Western fleet age by vessel — including and excluding CPC BlendSource: Voyage records — Western (G7-coalition) operators. Age calculated as (2026 − Year Built).
Looking at the 110 Western vessels that touched true-Russian-origin cargo specifically (the ex-CPC view): 64 of 110 are over ten years old (58%), and only 16 are under five years old (15%). The implication is that the Western fleet that remains active in true-Russian-crude movement after CPC is stripped out is meaningfully older than the headline Western fleet figure suggests, and is dominated by Suezmax tonnage approaching the end of conventional trading life.
Key Takeaway: Two Views Tell Different Stories

The headline platform view describes a 593-million-barrel Russian-port export trade, dominated by Aframax and Suezmax tonnage and split principally between Chinese, Indian, Mediterranean, and Continental destinations. That picture is correct as far as it goes, but it conflates two functionally different cargo flows: true-Russian-origin crude (subject to the G7 price cap) and CPC Blend (Kazakhstan-origin, outside the cap, but loaded at a Russian port).

Pulling those two flows apart materially changes the operator and compliance picture. The Western (G7-coalition) operator share drops by twelve percentage points (38.0% → 25.7%) when CPC is removed. The total sanctioned share rises by ten percentage points (46.9% → 56.9%) for the same reason.

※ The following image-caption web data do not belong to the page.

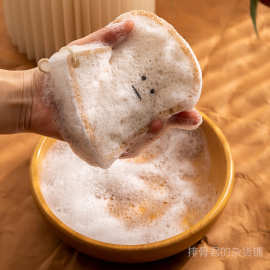 VHM7木浆棉洗碗擦天然木棉浆刷碗布耐用厨房专用海绵刷压缩百洁布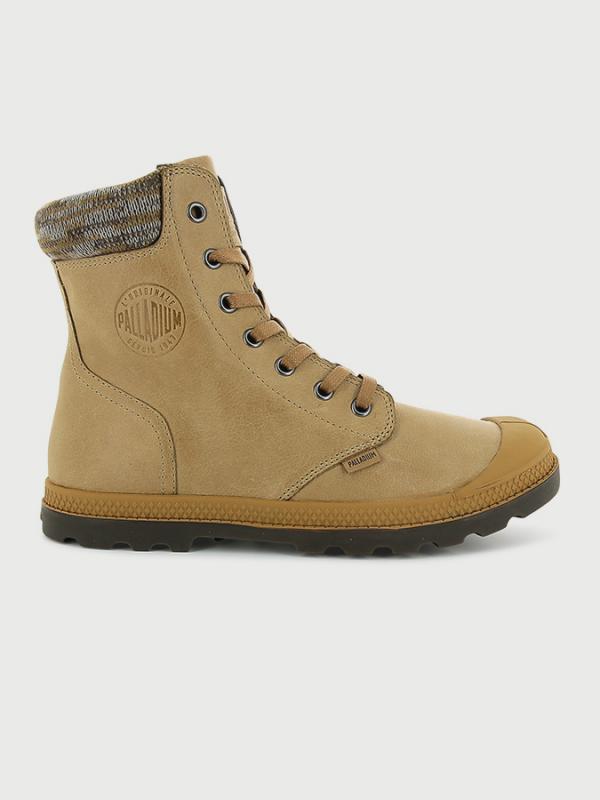 Boty Palladium Pampa Hi Knit Lp Amber Gold/Carafe Hnědá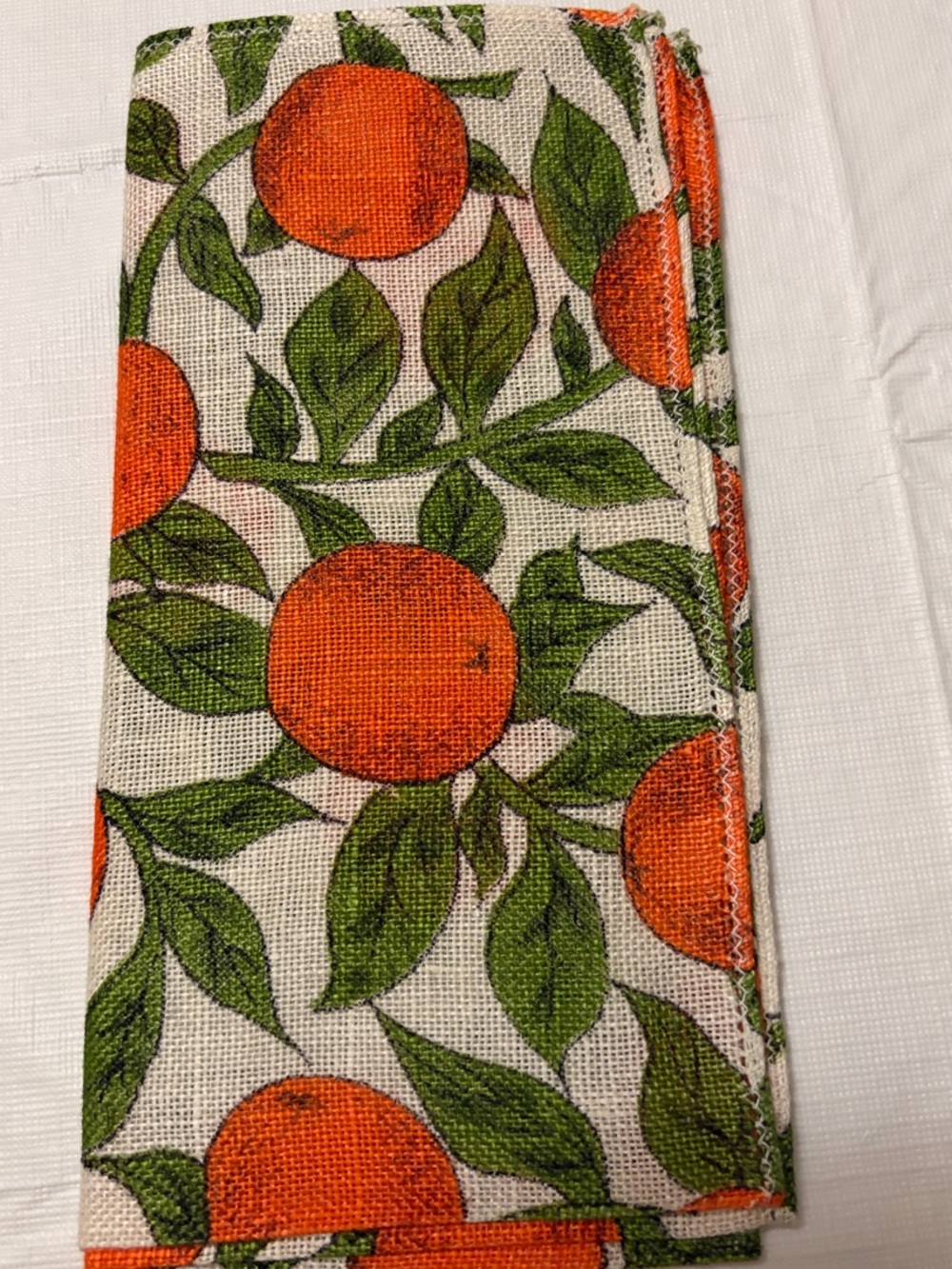 Vintage MCM Linen Napkins Set of 6 Orange Citrus - Picture 4 of 5
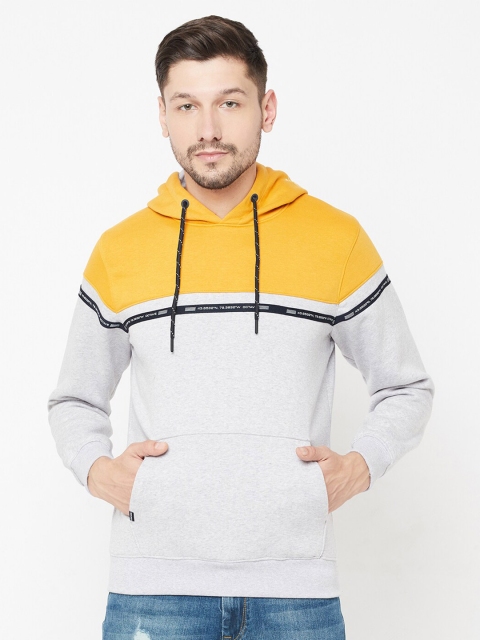 

Octave Men Grey & Yellow Colourblocked Hooded Sweatshirt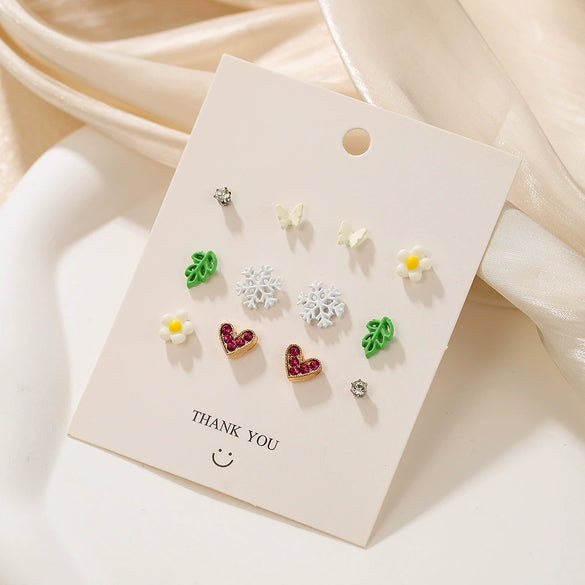 Alloy Fruit Shape Dripping Oil Design Women's Earrings Set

And the Western fleet that remains involved in true-Russian-origin movement, after CPC liftings are excluded, is older than the headline Western fleet figure indicates.

Discover the Data That Drives These Stories

This insight was produced by combining the Signal Ocean Platform Oil Flows dashboard (shown above). The platform supports interactive filtering by cargo group, origin area, destination, vessel DWT, and date grouping; the Voyage Details dashboard and Signal Ocean Data Warehouse APIs expose the underlying records that power the operator-level analysis presented here.

Methodology

Source: Signal Ocean Platform voyage records, crude liftings ex Russian Federation load ports, 1 January – 30 April 2026.
The underlying voyage feed contains the commercial-operator name only — no country, jurisdiction, parent-company, or beneficial-owner field.
CPC classification: any voyage with origin port containing “CPC” tagged as CPC Blend. All other Russian-port liftings (Primorsk, Ust-Luga, Murmansk, Kozmino, Nakhodka, Sabetta, Prigorodnoye, non-CPC Novorossiysk) are classified as true-Russian-origin.
Sanctioned = vessel appears on at least one of the EU, OFAC, or OFSI designation lists in the source dataset.
Counts are voyage counts, not market-share by tonnage.
All data, estimates, and projections presented herein are based on information available as of 22 May 2026. While every effort has been made to ensure accuracy, the analysis is subject to revision as additional information becomes available.